In the previous section we first saw that we can use frequency distributions to compute probabilities of various events. Then we saw that we could use various normal distributions as a shortcut to compute those probabilities, which was very convenient. Using that technique we were able to compute all kinds of probabilities just based on the fact that we computed a sample mean and sample standard deviation, and then assumed, more or less, that the (unknown) distribution of the variable in question was normal, more or less, with the computed mean and standard deviation as the right parameters.

But this works if we assume the original distribution is (approximately) normal, so what we are hoping for is some mathematical justification that says, in effect, that most distributions - in some sense - are "normal". Such a theorem does indeed exist, and it is one of the corner-stones of statistics: the Central Limit Theorem. It has many practical and theoretical implications, such as it will provide us with a theoretical justification of using a normal distribution to compute certain probabilities.

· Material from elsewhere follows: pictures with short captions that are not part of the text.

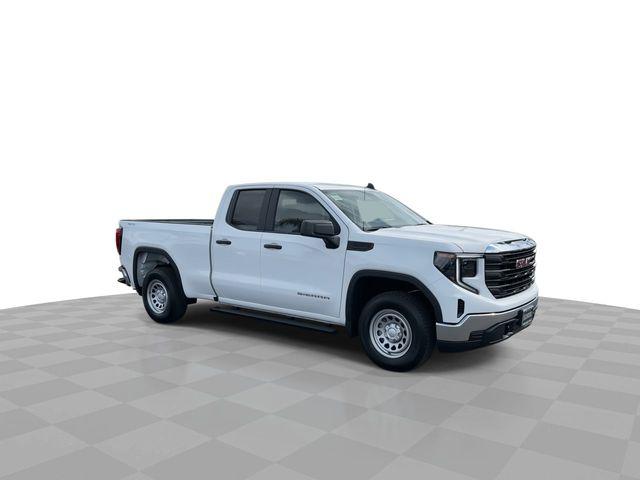 2026 GMC Sierra 1500 Double Cab, Standard Bed, Pro, 4WD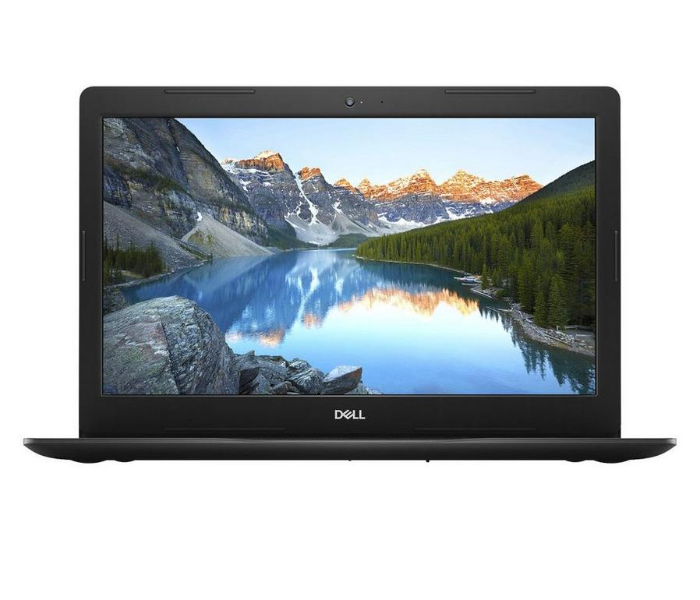 Dell Inspiron 15 3583 15.6 Inch 4GB RAM 128GB Celeron Dual Core Windows 10 - Black - Zoom Image 1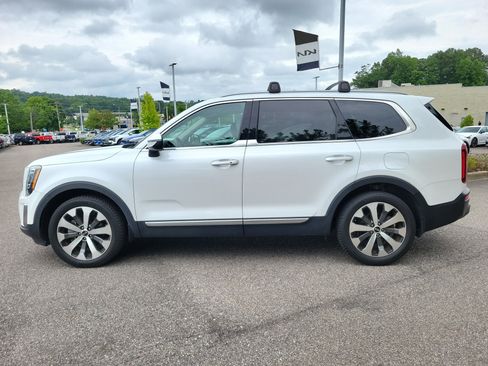 Used 2021 Kia Telluride S FWD image 25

In this course we will simply state the theorem without any proof. In more advanced courses we would provide a justification and/or mathematical proof of the theorem, but for our current purposes it will be enough to understand the theorem and to apply it in subsequent chapters. If we want to talk colloquially, we have actually already seen the Central Limit Theorem - in the previous chapter we noted: most histograms are (more or less) bell-shaped, which is in fact one way to state the Central Limit Theorem:

Central Limit Theorem, colloquial version 1

Most histograms (frequency distributions) are normal

To state this theorem precisely, we need to specify, among other things, exactly which normal distribution we are talking about, and under what circumstances we are considering samples.

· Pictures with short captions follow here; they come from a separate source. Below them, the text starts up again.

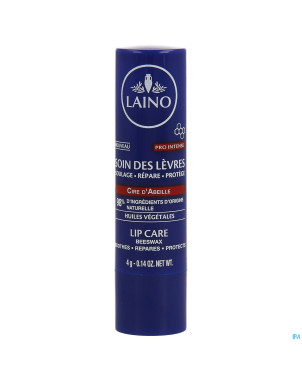 Laino soin levres cire abeille 4g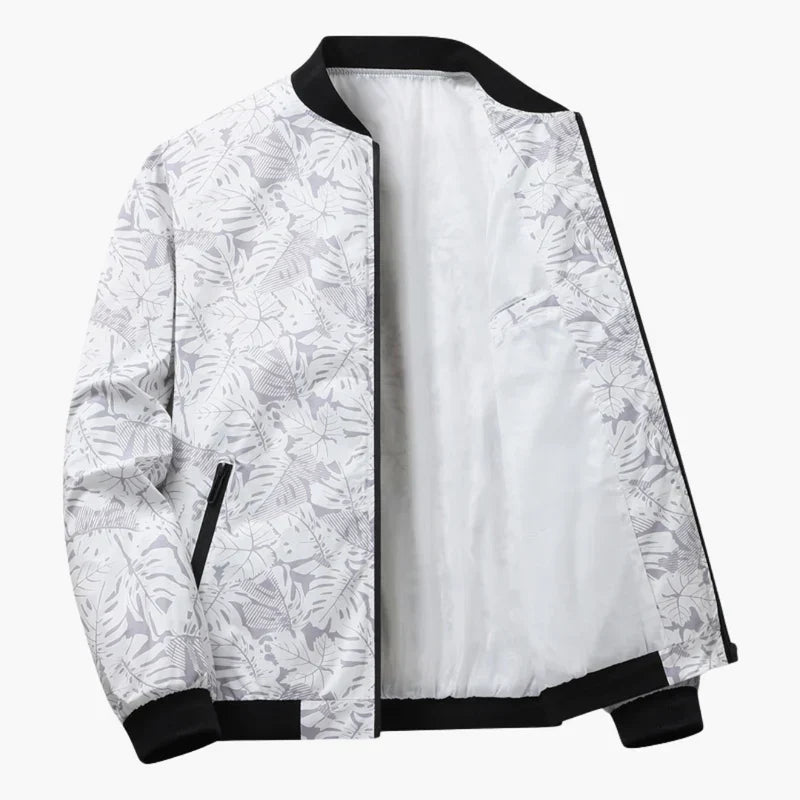 Giacca Bomber Elegante Antoine – foto 4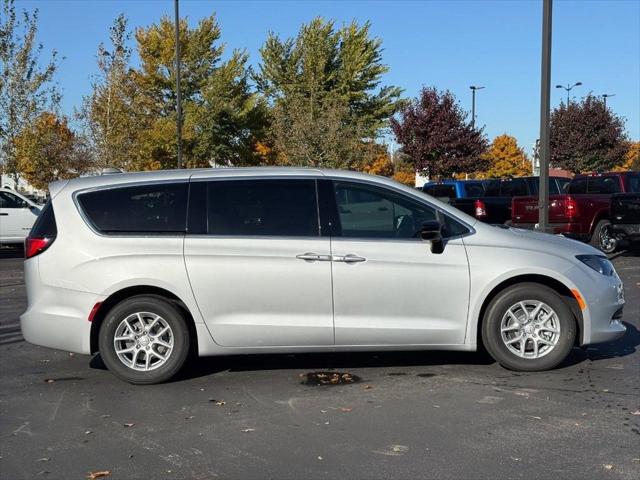 2026 Chrysler Voyager VOYAGER LX 2026 Chrysler Voyager VOYAGER LX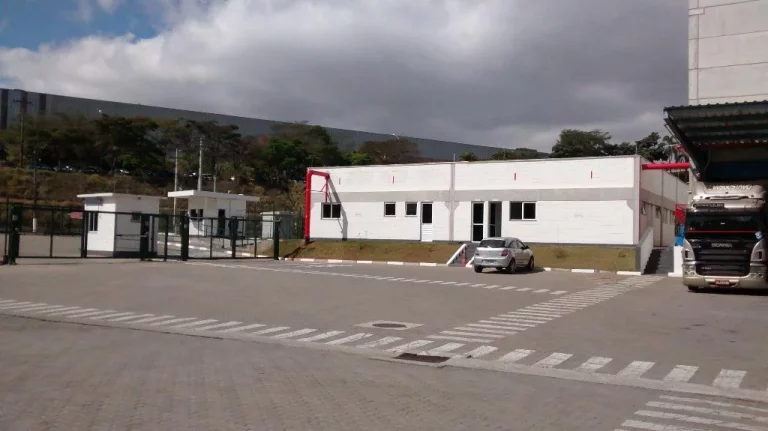 Imagem Galpão industrial para locação, Perová, Arujá.
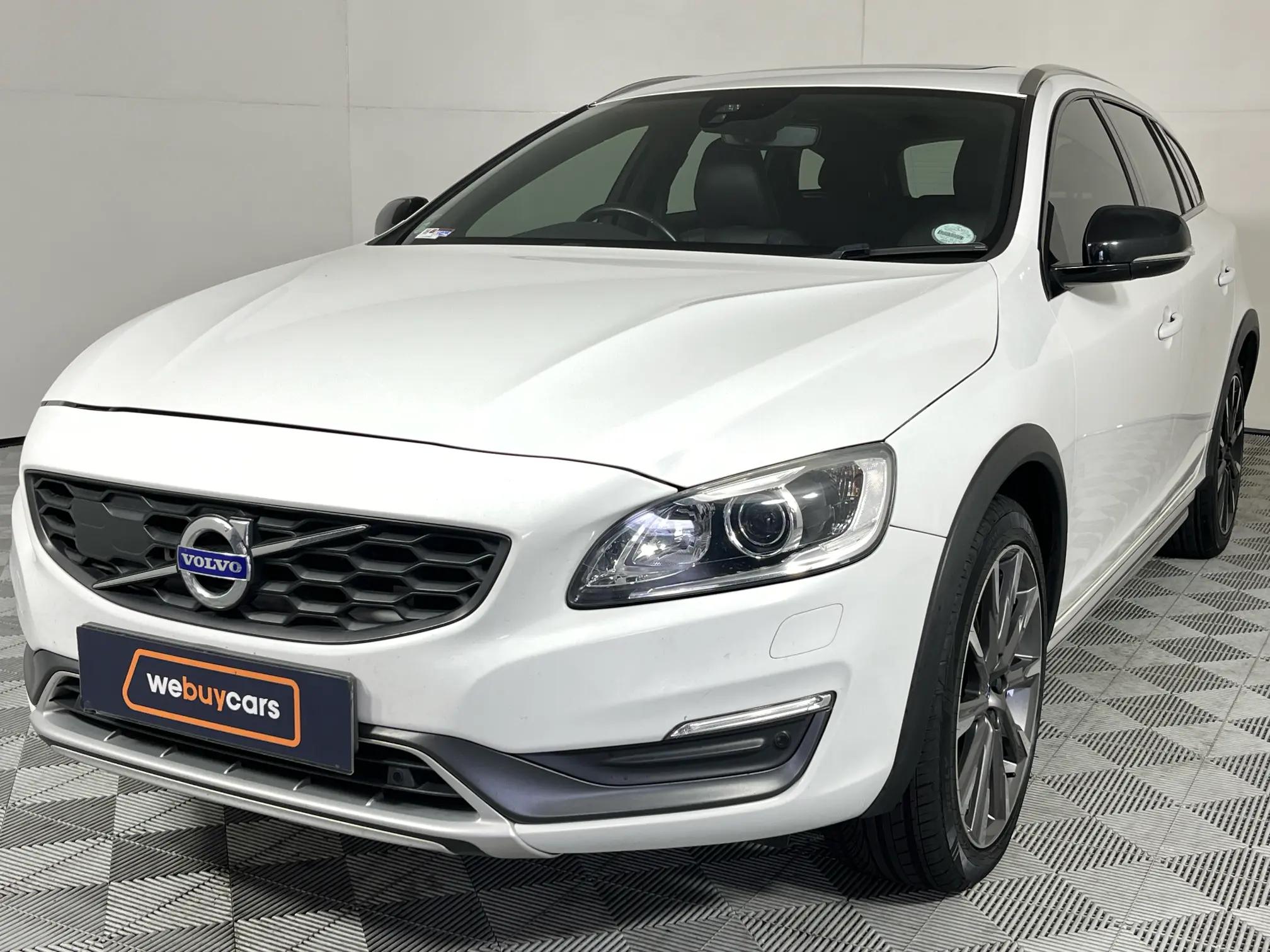 Volvo V60 Cross Country D4 Inscription Geartronic AWD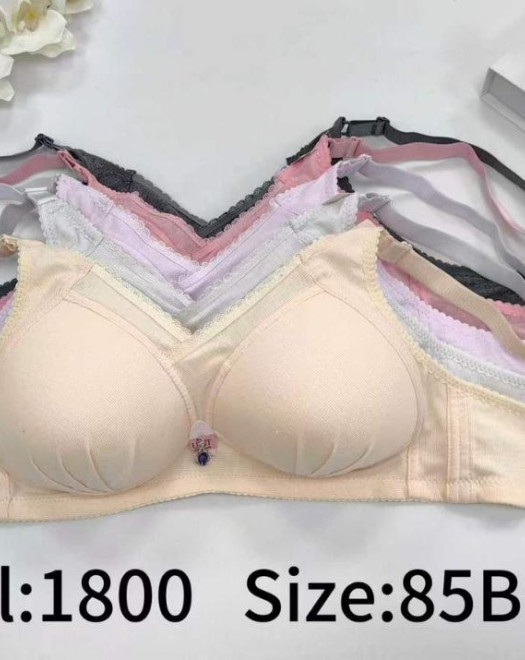 1800 DESTEKSİZ BALENSİZ SÜTYEN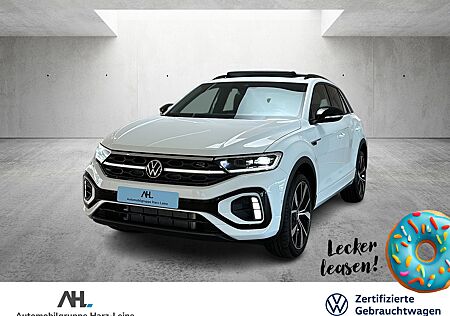 VW T-Roc 2.0 TSI R-Line 4M IQ.Light Panorama AHK Navi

Central Limit Theorem for Means

Suppose x is a variable for a population whose distribution has a mean m and standard deviation s, but whose shape is unknown. Suppose further we repeatedly select random samples of size N from that population and compute the sample mean each time we do this. Finally, we plot the distribution (histogram) of all these sample means.

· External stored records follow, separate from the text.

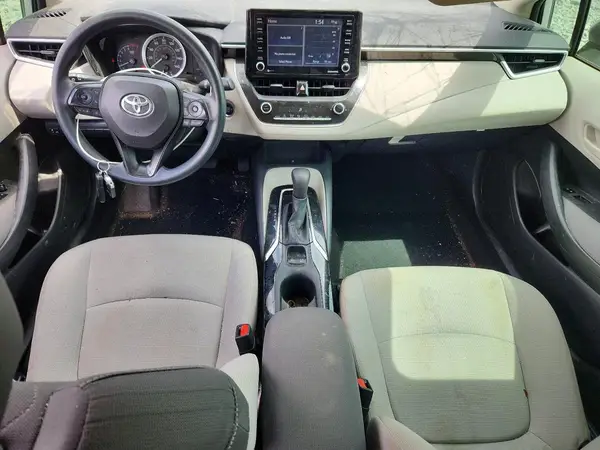 5YFVPMAE3NP299550 2022 TOYOTA COROLLA - Image 8
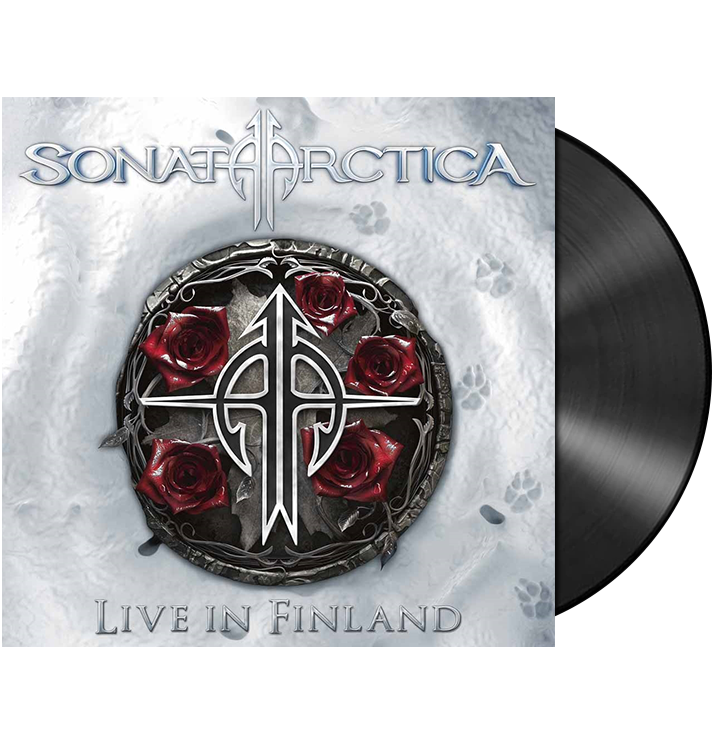 SONATA ARCTICA - 'Live In Finland' 2xLP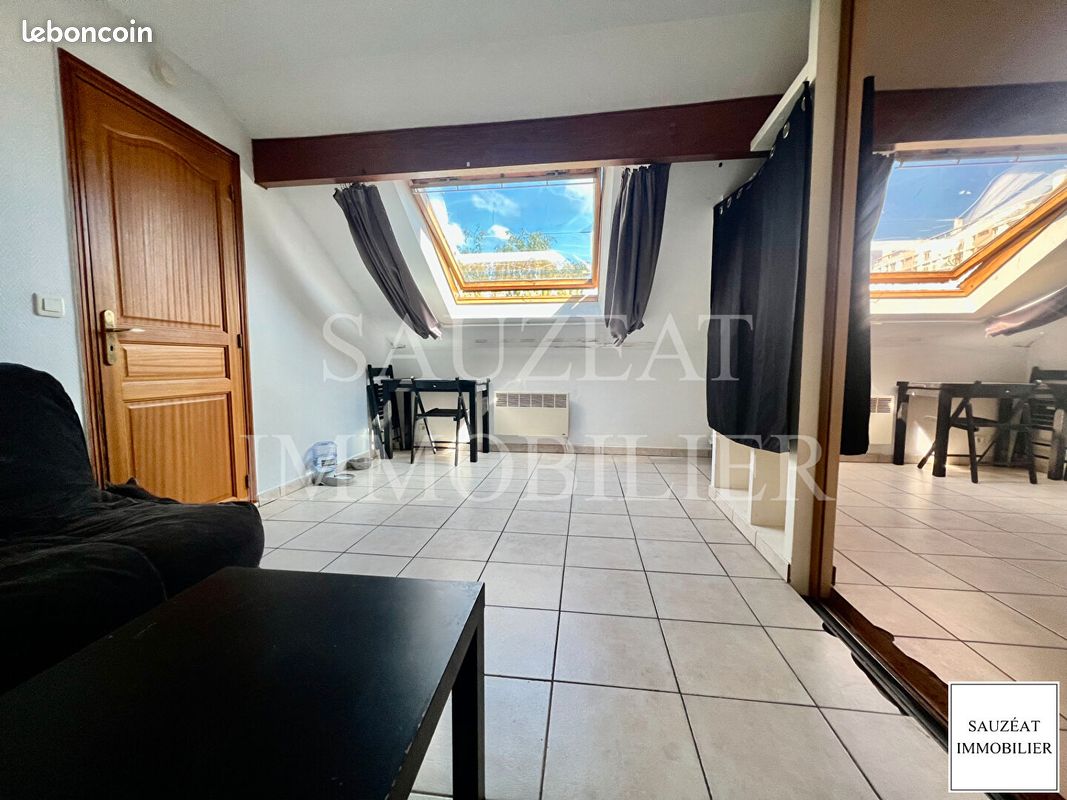 Appartement 1 pièce 20 m² · à Châtenay-Malabry · 20 m² · 625 €/mois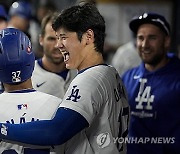 NLDS Padres Dodgers Baseball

Then the conclusion is that the distribution of all sample means is a normal distribution (bell shaped) with mean m (the original mean) and standard deviation s / sqrt(N)

This theorem is perhaps somewhat hard to understand, so here is a more colloquial restatement of the theorm.

Central Limit Theorem, colloquial version 2

No matter what shape a distribution for a population has, the distribution of means computed for samples of size N is bell shaped (normal). Moreover, if we know the mean and standard deviation of the original distribution, the mean for the sample means will be the same as the original one, while the new standard deviation will be the original one divided by the square root of N (the sample size).

The importance of this theorem is that it allows us to start with an arbitrary distribution, yet use the normal distribution with appropriate mean and standard deviation, to perform various computations. Since Excel contains the NORMDIST function, we can therefore compute probabilities for many distributions, regardless of whether they are normally distributed or not.

For the record, there is an additional Central Limit Theorem for taking sums of samples, but we will not need that in our discussions.